Hm. Saya meracau. Ini tulisan ke
29 dari seri 30 hari menulis dan niatan awalnya saya akan bercerita tentang
buku yang paling berkesan bagi saya di tahun ini, tapi saya malah meracau
membahas lupa dan semacamnya. Jadi mari kembali fokus, Isti Bani.

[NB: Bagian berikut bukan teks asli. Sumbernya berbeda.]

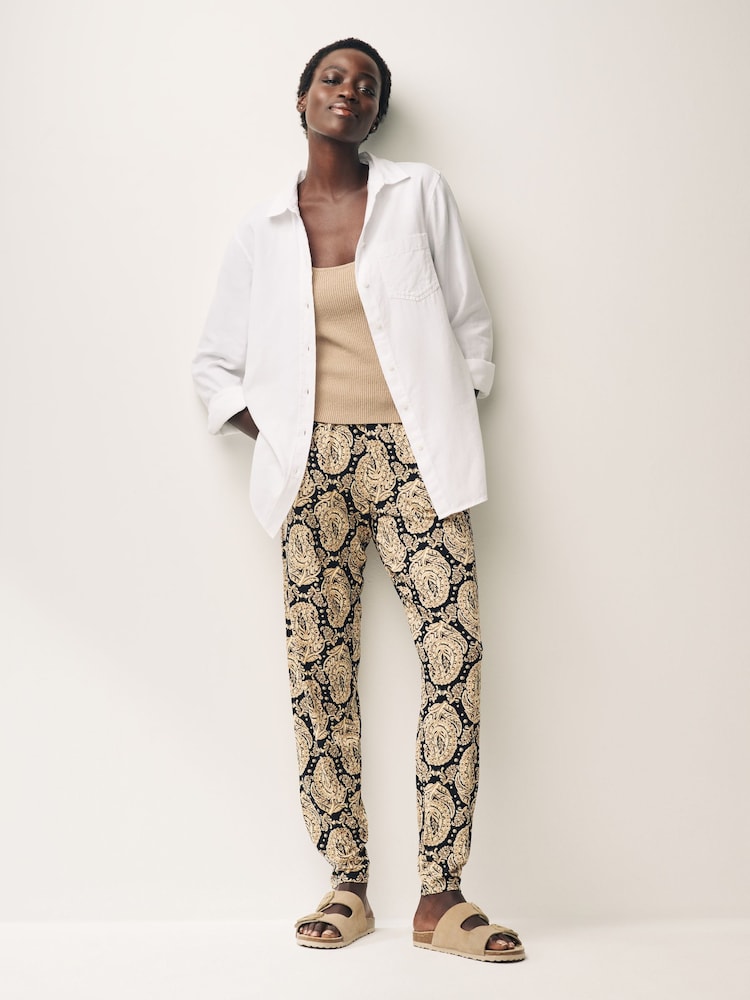 Black Paisley Print Jersey Joggers - Image 2 of 6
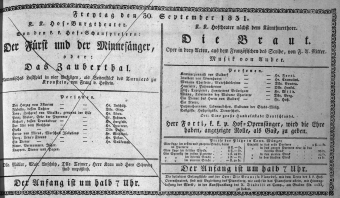 Theaterzettel (Oper und Burgtheater in Wien) 18310930 Seite: 1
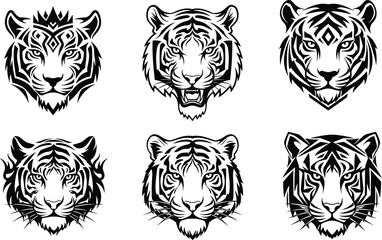 Obraz premium Set of six black and white tiger head illustrations in tribal line art style vector mascot logos isolated on white background high resolution graphic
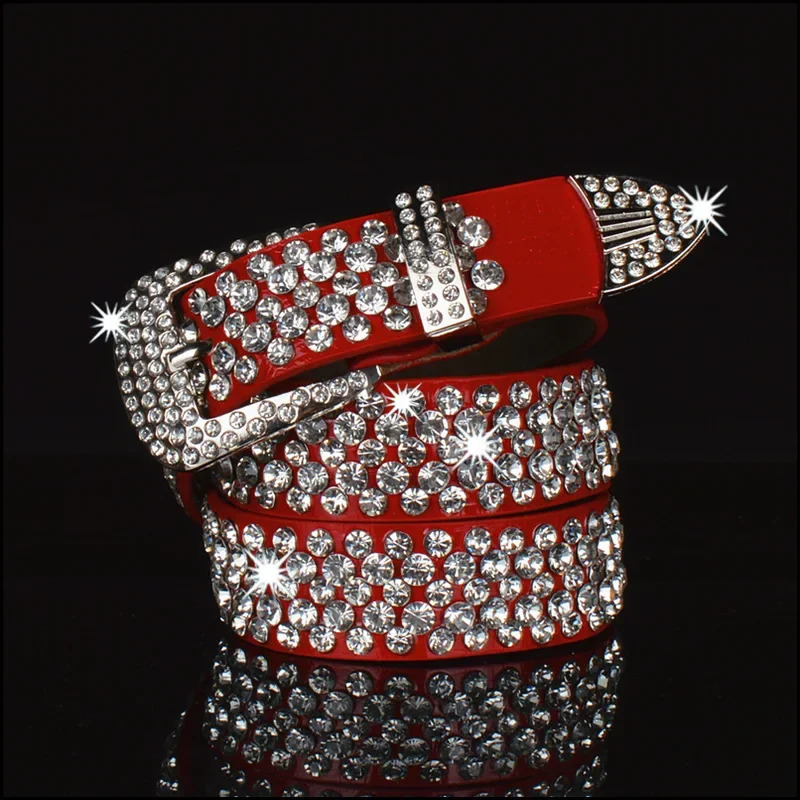 Vintage Rhinestone Skull Belts Wide Buckle Belt For Women Ladies Second Layer Cow Skin Top Quality Strap Female For Jeans 240315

Buku paling berkesan yang saya
baca tahun ini adalah The One and Only Ivan yang ditulis oleh Katherine
Applegate dan dicetak oleh Harper Collin Publisher tahun 2012. Buku ini bercerita
tentang Ivan (seekor gorilla silverback) yang sejak kecil hidup di dalam
kandang di tengah sebuah Mall. Ivan begitu menikmati hidupnya di sana. Dia
menikmati bagaimana manusia menontonnya dari balik kaca, menikmati acara TV
yang biasa dia tonton dan percakapan sederhana dengan sahabatnya seekor gajah
betina tua bernama Stella dan seekor anjing kampong bernama Bob. Sampai
kemudian dia bertemu dengan seekor anak gajah yang bernama Ruby yang diculik
dari keluarganya.
Sejak kedatangan Ruby, Ivan yang
terbiasa sendirian akhirnya belajar kembali mengenai rumah, mengenai keluarga, mengenai
makna pulang, menjaga, merawat dan menemani. Ivan menjelajahi tumpukan ingatan
masa kecilnya tentang rumah dan keluarga di puing-puing alam bawah sadarnya
melalui karya seni yang awalnya dia buat hanya untuk menjaga Ruby agar tetap
senang, tapi ternyata itu membawanya untuk mengingat dan melihat hal dengan
sudut pandang yang baru.
Buku ini sangat bagus. Buku anak
yang sangat amat kaya. Membacanya membuat saya sedih, resah, terharu dan
senang. Betapa buku ini membawa kita kembali mengingat dan melihat kembali
tentang kebiasaan remeh temeh dan kebahagiaan dari perhatian kecil dari mereka
yang terkasih bisa membantu kita keluar dari masa-masa buruk. Dari buku ini rasanya saya belajar banyak
sekali.
(Sekarang rasanya saya tiba-tiba
kehabisan kata-kata ketika mengingat cerita tentang Ivan dan Ruby)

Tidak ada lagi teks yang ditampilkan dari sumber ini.